■ **Work required**
Quote the data exactly, first line to the line containing "Brand New 10", with no pictures.

■ **Supplied data**

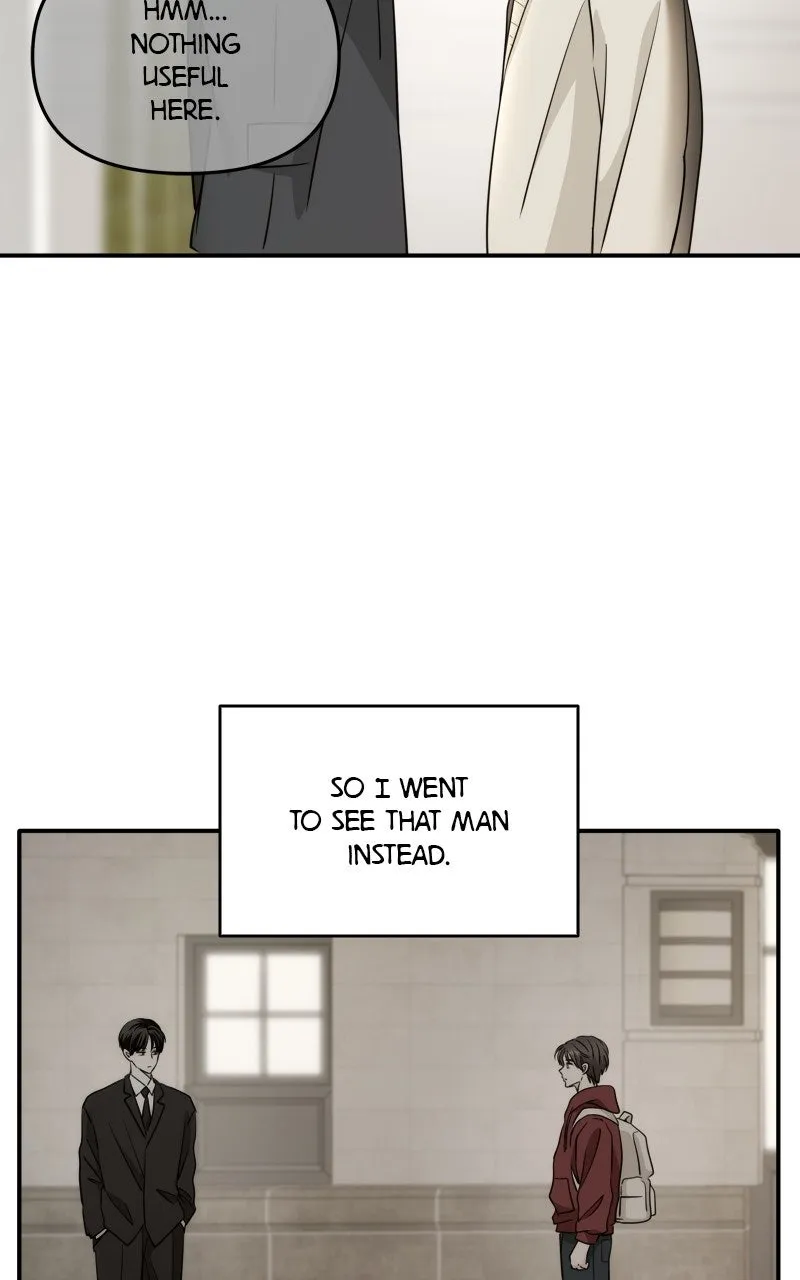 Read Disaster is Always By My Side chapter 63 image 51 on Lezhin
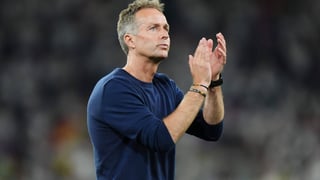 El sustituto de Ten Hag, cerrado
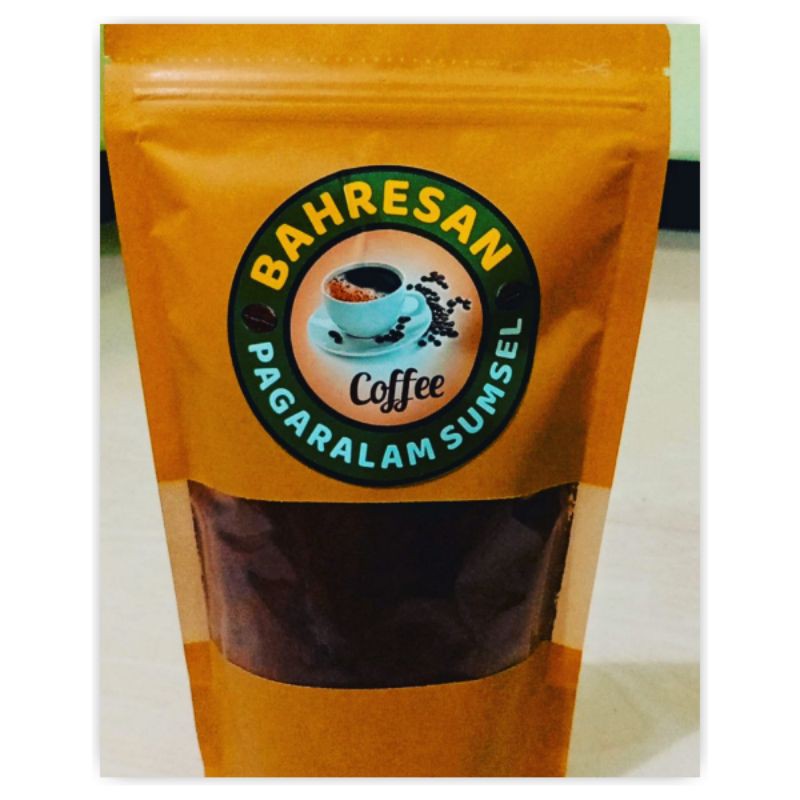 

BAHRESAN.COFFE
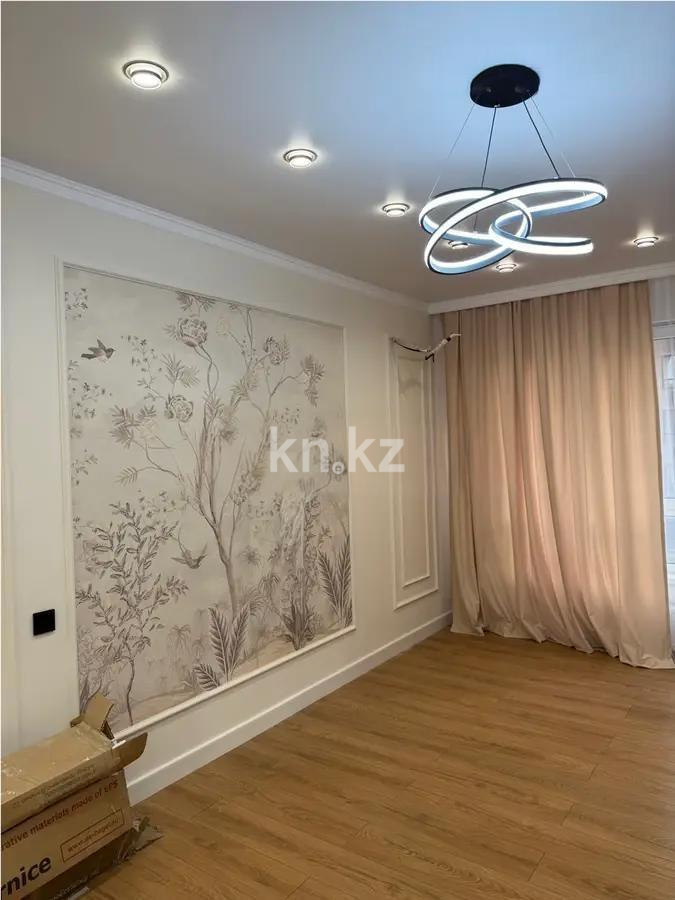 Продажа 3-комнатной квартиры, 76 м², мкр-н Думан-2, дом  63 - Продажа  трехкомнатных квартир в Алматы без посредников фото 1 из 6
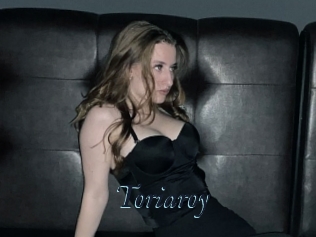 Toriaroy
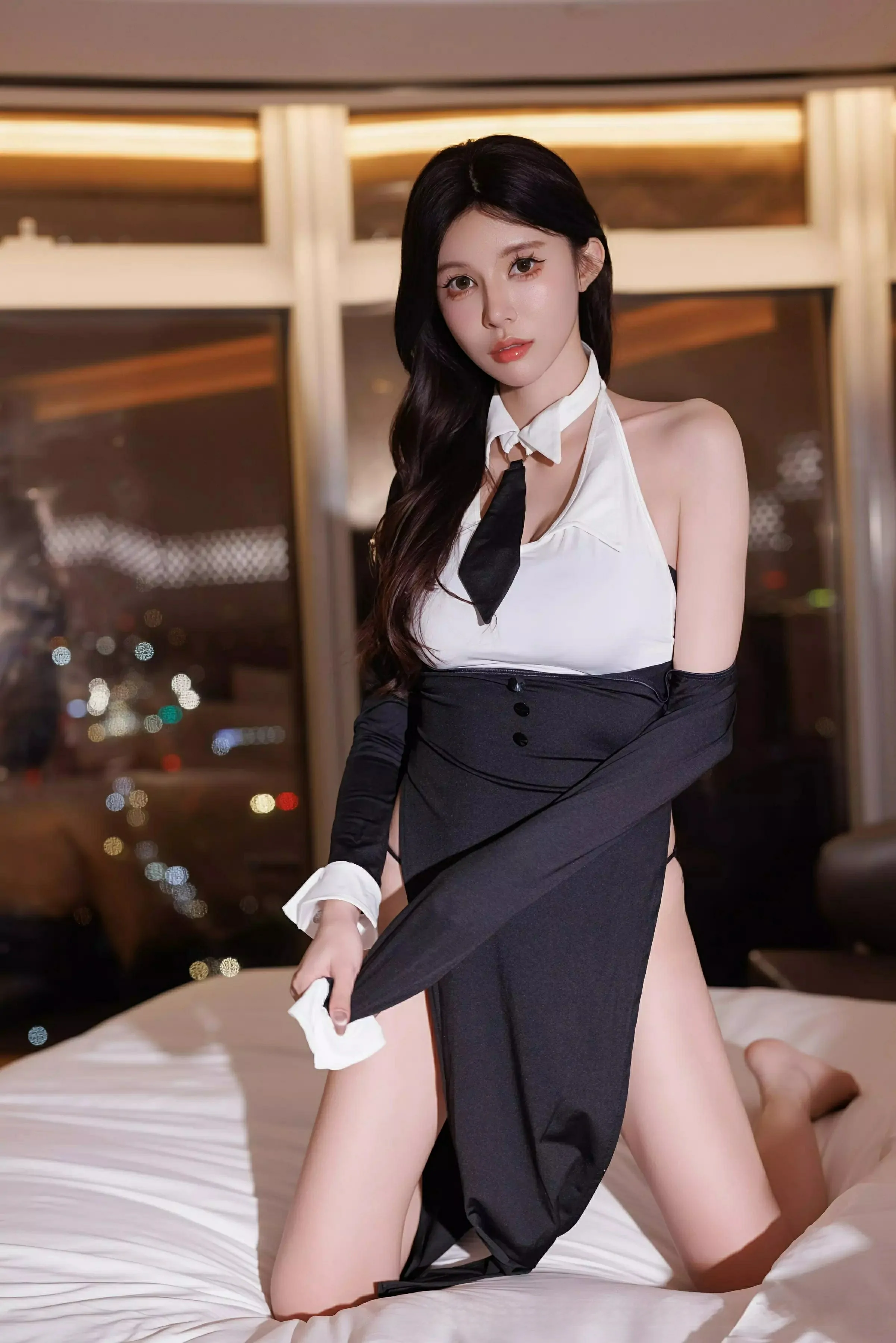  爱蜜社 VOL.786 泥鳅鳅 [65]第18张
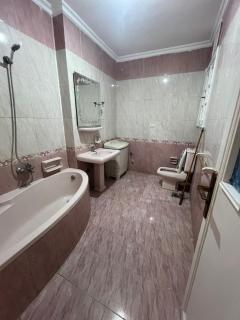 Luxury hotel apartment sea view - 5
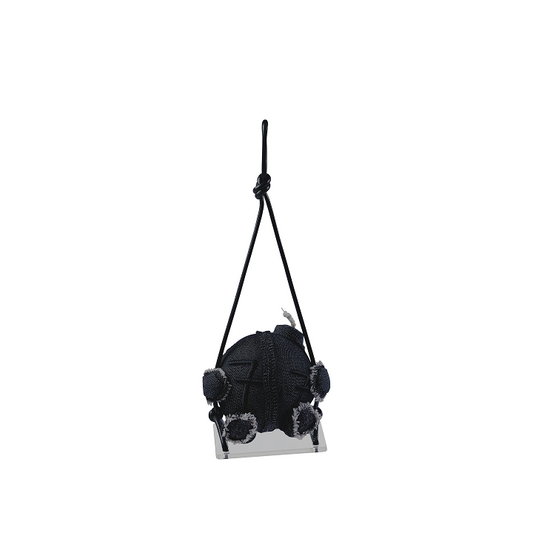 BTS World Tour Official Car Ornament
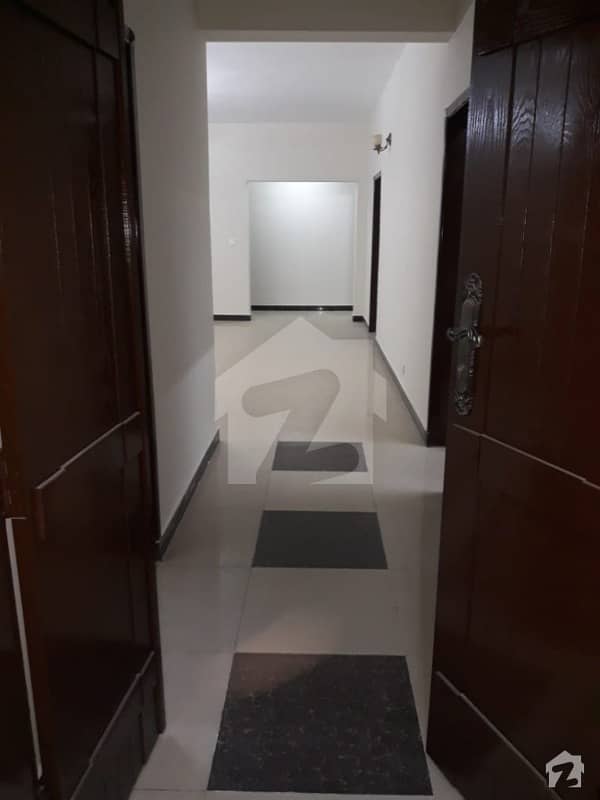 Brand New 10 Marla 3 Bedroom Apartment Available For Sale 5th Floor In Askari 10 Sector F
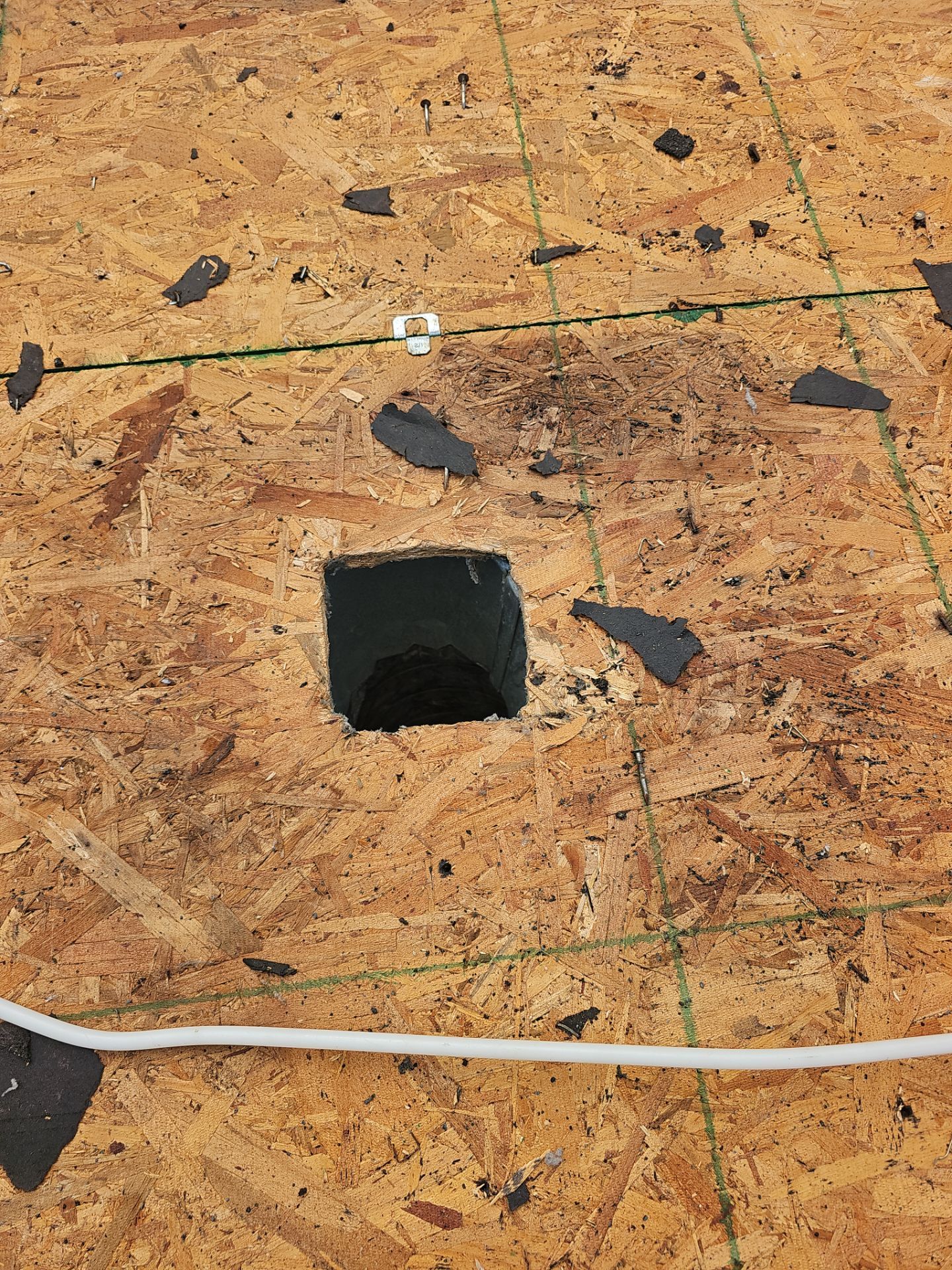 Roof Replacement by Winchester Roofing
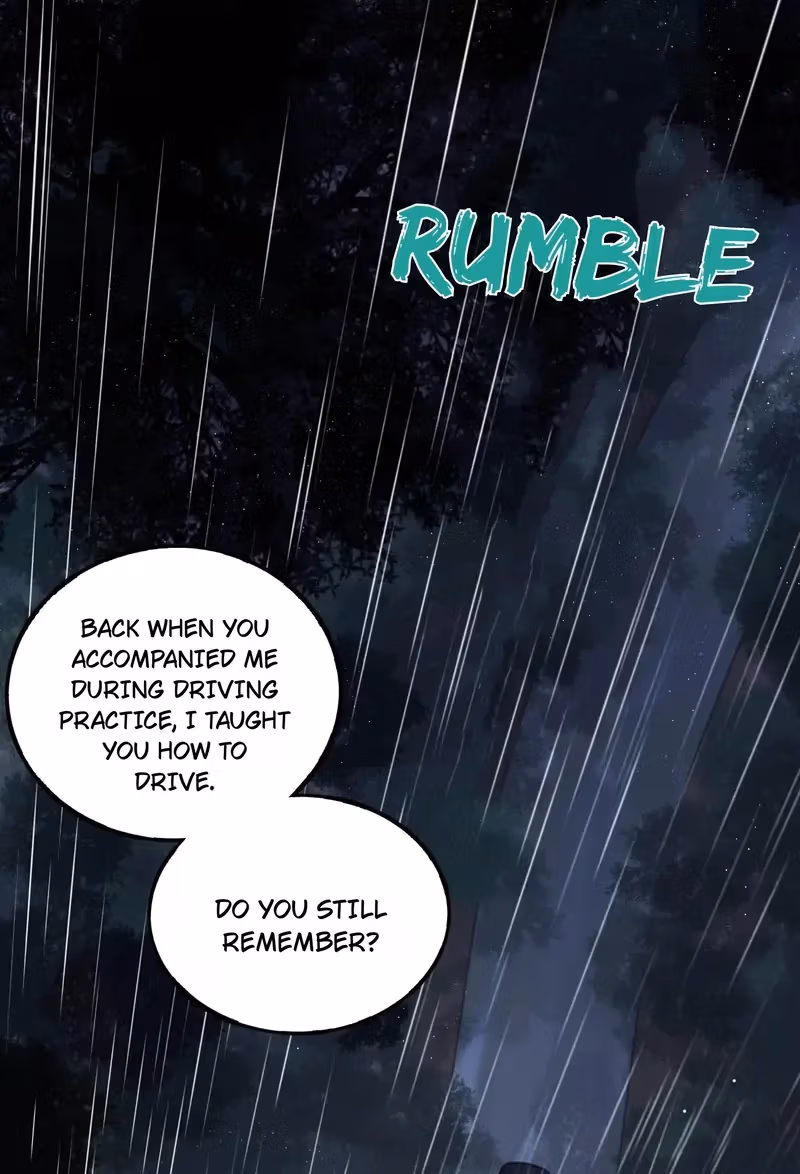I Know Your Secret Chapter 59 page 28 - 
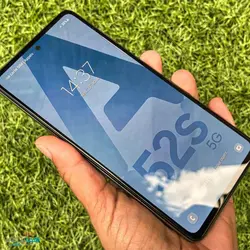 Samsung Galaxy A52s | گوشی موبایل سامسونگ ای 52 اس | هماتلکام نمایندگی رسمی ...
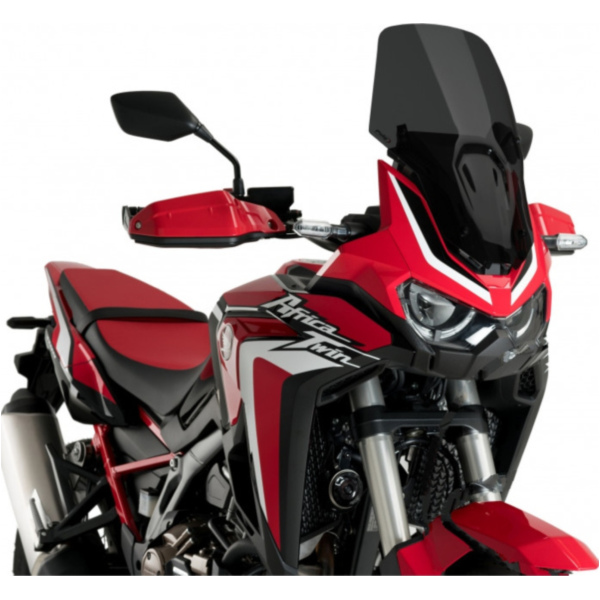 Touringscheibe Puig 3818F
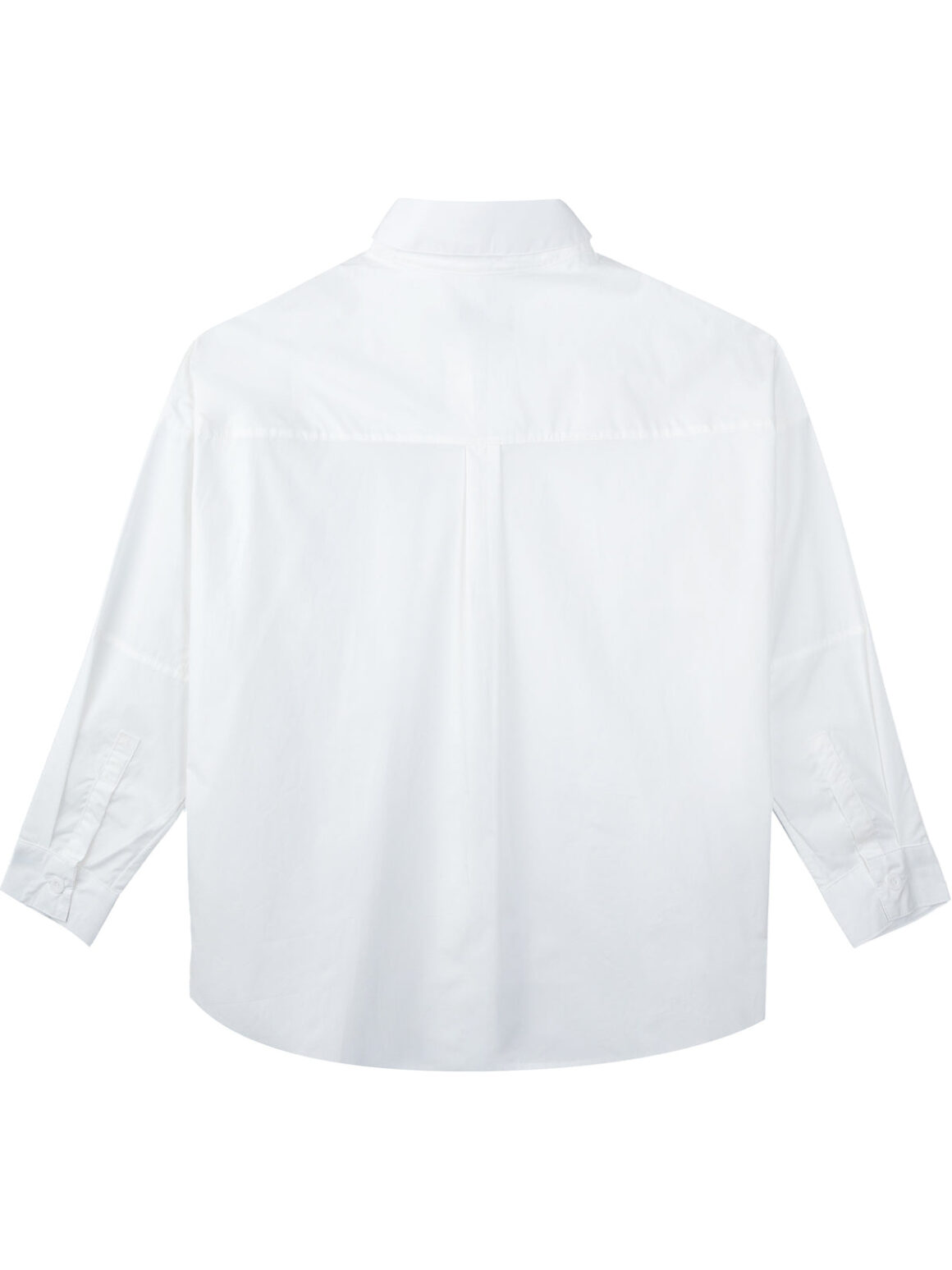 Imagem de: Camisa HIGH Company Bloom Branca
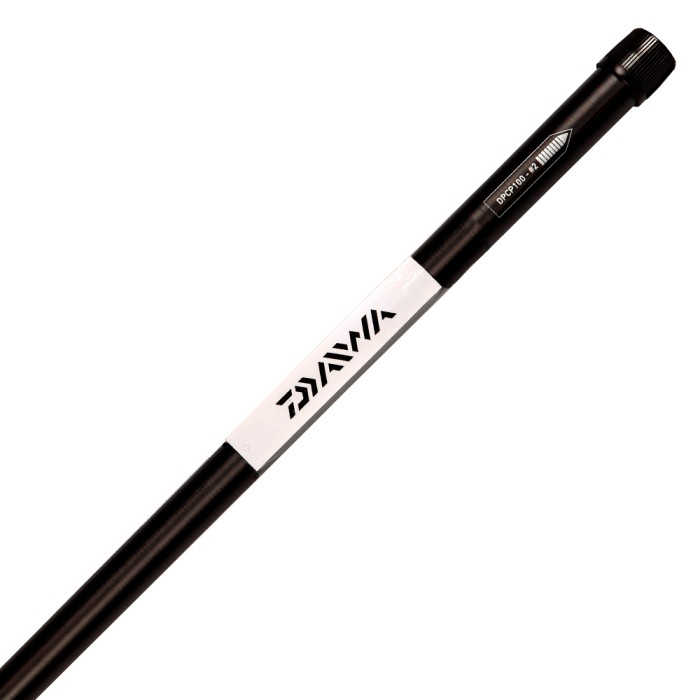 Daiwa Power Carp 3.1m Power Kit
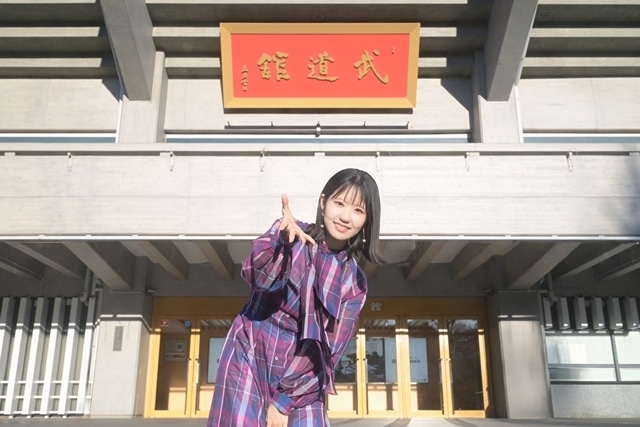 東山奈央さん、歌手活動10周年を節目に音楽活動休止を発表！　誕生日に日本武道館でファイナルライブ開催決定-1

■ **Result for this task**
 Read Disaster is Always By My Side chapter 63 image 51 on Lezhin
 El sustituto de Ten Hag, cerrado

BAHRESAN.COFFE
 Продажа 3-комнатной квартиры, 76 м², мкр-н Думан-2, дом  63 - Продажа  трехкомнатных квартир в Алматы без посредников фото 1 из 6
 Toriaroy
  爱蜜社 VOL.786 泥鳅鳅 [65]第18张
 Luxury hotel apartment sea view - 5
 BTS World Tour Official Car Ornament
 Brand New 10 Marla 3 Bedroom Apartment Available For Sale 5th Floor In Askari 10 Sector F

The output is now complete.